An important assembly mechanism for liquid crystals is flow ordering (Fig. 2b,c). Pressing a small amount of GO suspension between two glass slides creates biaxial extensional flow, or squeezing flow, which orients discotic mesogens parallel to the two confining surfaces (Fig. 2b). Again, homeotropic surface anchoring is seen at edges of trapped air bubbles (Fig. 2b), and this surface anchoring templates the vertical alignment of GO layers, which in oscillating shear flow (Fig. 2c) produces optically active “wakes” behind the bubbles. Overall, flow and surface anchoring are dominant factors determining layer orientation in GO liquid crystals.
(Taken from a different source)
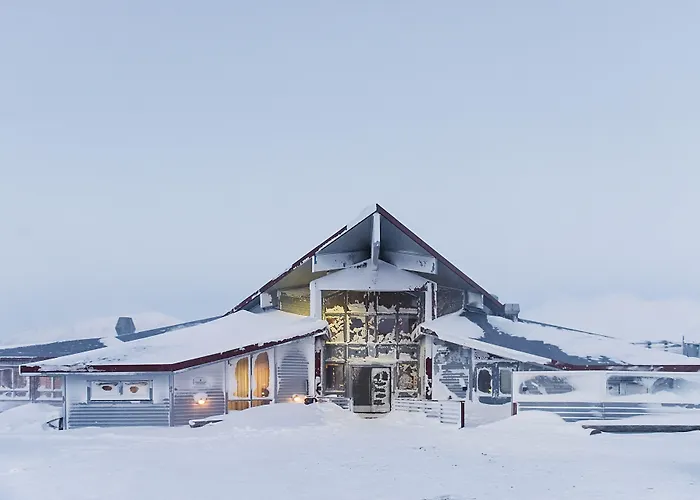 Radisson Blu Polar Hotel, Spitsbergen 4* Лонгйир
During our study of GO assembly we observed a surprising drying and rehydration behavior (Figs. 3-5). Figure 3 shows an hourglass droplet (2 mg/ml aqueous GO) undergoing drying between two metal needles. Evaporation causes gradual thinning of the drop until instability in the stretched liquid bridge causes breakage, and surface tension drives collapse of the droplet into thin deposits on the two opposing substrates. Upon re-addition of water, the deposits swell, rise vertically, and return to the same volume and shape as the original droplet before breakage (Fig. 3). This gel-like phase is stable for some minutes, and then slowly redisperses into a GO suspension. This phenomenon occurs if rehydration is carried out soon after drying, or if the deposit is vacuum dried overnight, but not if the deposit is converted from GO to reduced GO by annealing at 450 °C in N2 flow for 15 min. The effect is much less pronounced if the deposits are wetted with ethanol or acetone. The phenomenon is fully repeatable in this geometry, and similar behavior can be seen for droplets suspended in millimeter slits or fine wire rings.
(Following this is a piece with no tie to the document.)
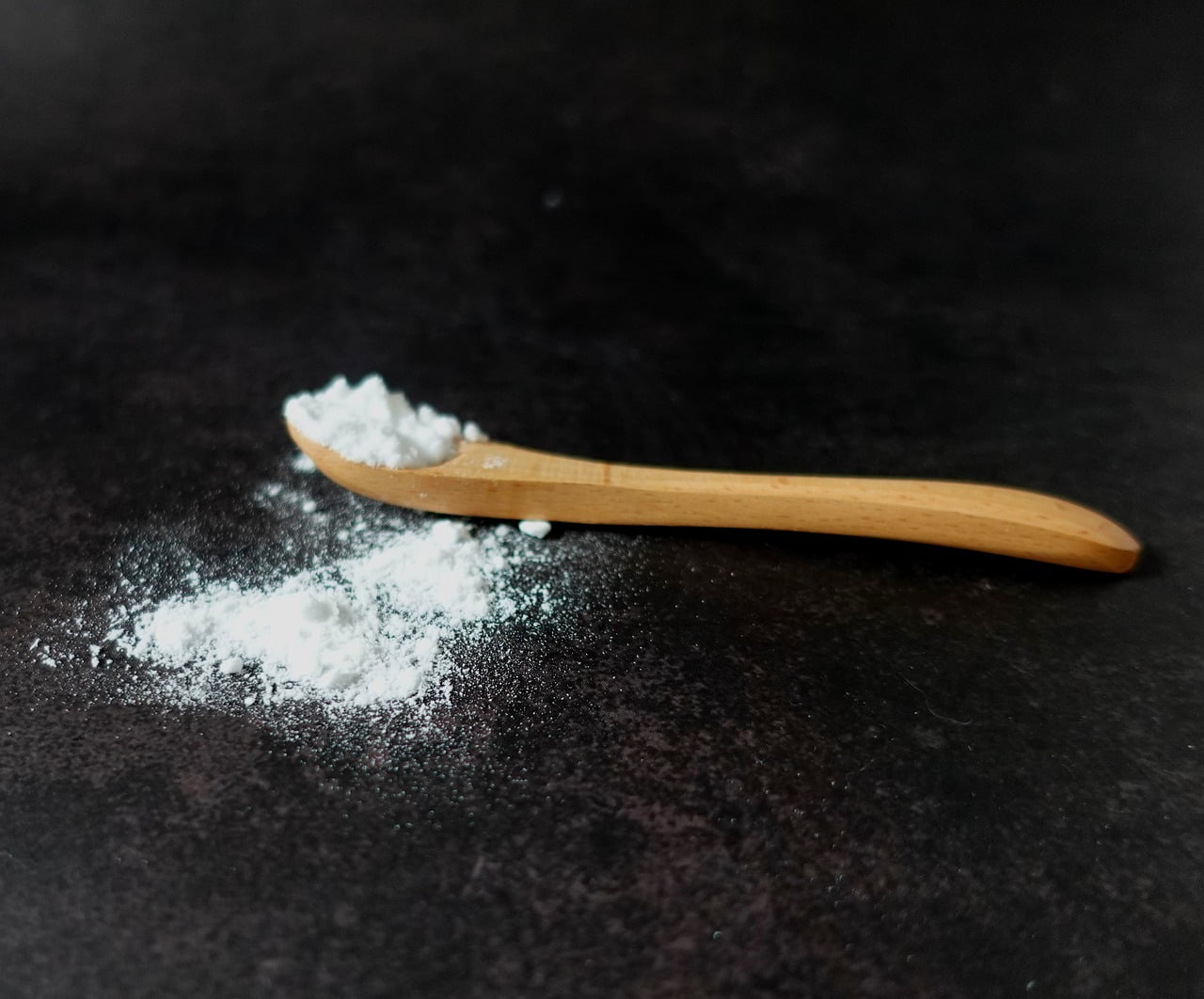colher cheia de bicarbonato de sódio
Figure 3b shows the characterization of the dried deposits. They have upward facing GO edges at the top surface, and show extreme accordion-like folding in cross section. The fold orientations carry the signature of the vertical compression that follows breakage of the stretched liquid bridge (Fig. 3b histogram, Supp. Fig. 5). Figure 3c gives our conceptual model of the drying and rehydration process. In this geometry, liquid crystal surface anchoring aligns GO layers vertically due to the vertical air-liquid interface. This layer alignment also templates liquid crystal order behind the surface film, and further drying gives a vertically oriented GO gel-like phase, where layer-to-layer interactions severely restrict individual layer rotational motion. Surface tension during the late stages of drying acts primarily in the vertical direction (third panel), and the interacting layers in the gel network are bent into accordion-folded multi-layer structures that store elastic energy. Folding of single GO layers by liquid surface tension has been explored theoretically by Patra et al.24 for the case of nanodroplets on patterned graphene sheets of varying shape. Key to the accordion fold structure seen here is creation of a vertically aligned nematically ordered GO phase at high concentration, and the arrangement of balanced surface tension forces parallel to that vertical alignment.
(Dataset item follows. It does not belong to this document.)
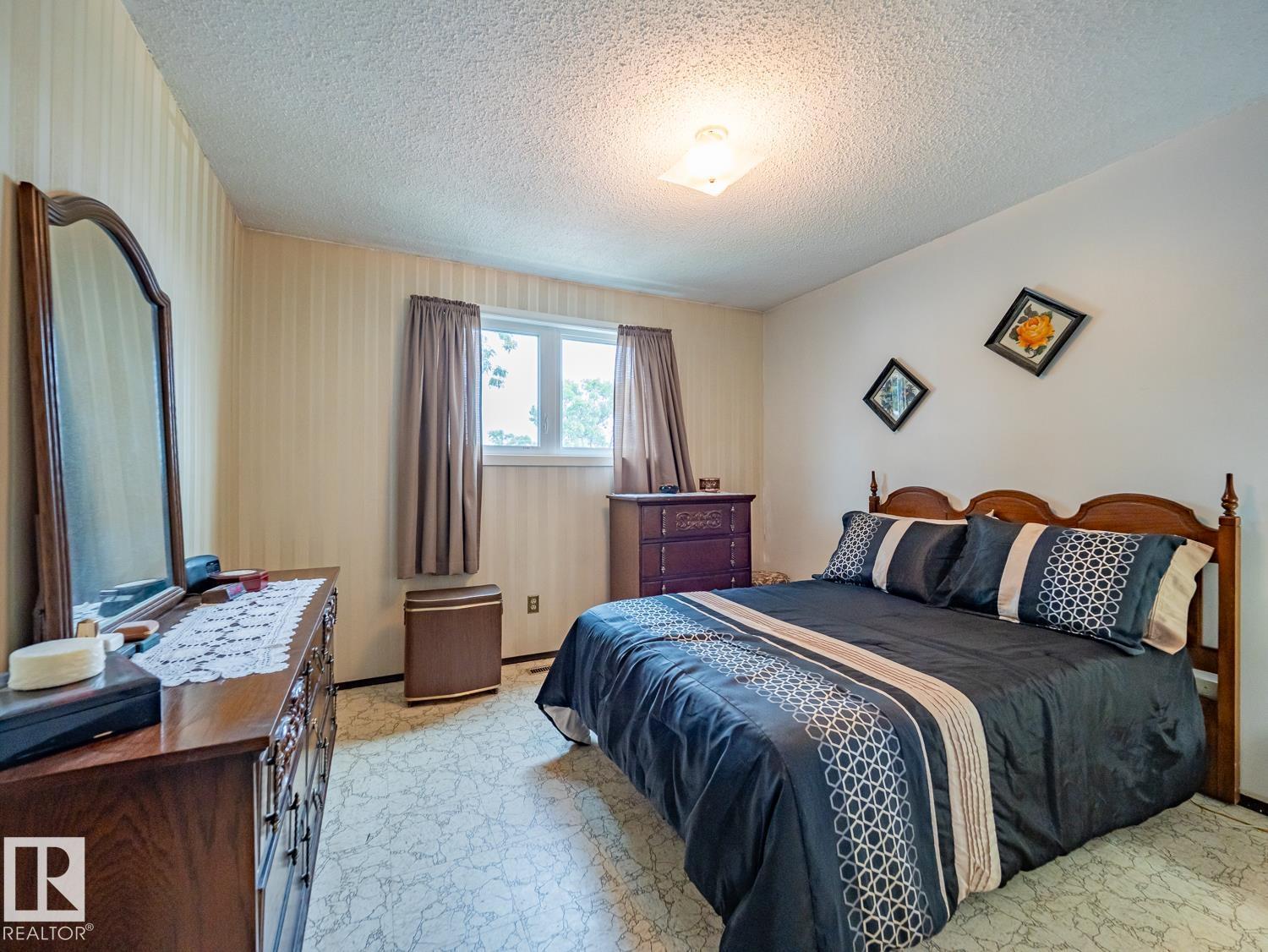 5647 137 Avenue NW - Photo 9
We hypothesized that the observed behavior is a folding/unfolding transition, in which rehydration lowers interlayer forces and releases the elastic fold energy stored previously by liquid surface tension during drying (Fig. 3 sketch). This hypothesis is supported by our modeling work on the nanomechanics of folding (Fig. 4) and unfolding (Fig. 5). The folding process is a buckling instability, and because it occurs in a concentrated gel-like phase, the load-bearing elements are GO sheets that form a connected framework. If individual GO layers were free to rotate, they would align parallel to the substrate in response to the squeezing flow introduced by surface tension, as seen directly in the squeezing flow experiments in Fig. 2. In this concentrated suspension, however, interlayer connectivity prevents single-layer rotation and the same driving force gives rise to buckling instead. Even at this late stage of drying, the majority component of the concentrated GO phase is water, which allows slippage of parallel GO layers, and thus the appropriate model is one based on the buckling of independent parallel vertical sheets (Fig. 4c). This model is supported by the morphology of the folded structures, which are not nested half-cylindrical loops (Fig. 5a) as one would expect from the bending of close-packed layers, but rather triangular folds or “nose-shaped” structures with inflection points (Fig. 4b) that occur because of the water-filled spaces between sheets in the gel-like phase. Applying the Euler buckling theory to a set of n independent vertically aligned GO layers (Young’s modulus, E ~ 200 GPa)25 gives the buckling criterion:
(3) |
where h is the layer height, and l the layer thickness taken as 1 nm. Figure 4c shows that water surface tension is easily sufficient to buckle these vertically aligned nematic GO layers.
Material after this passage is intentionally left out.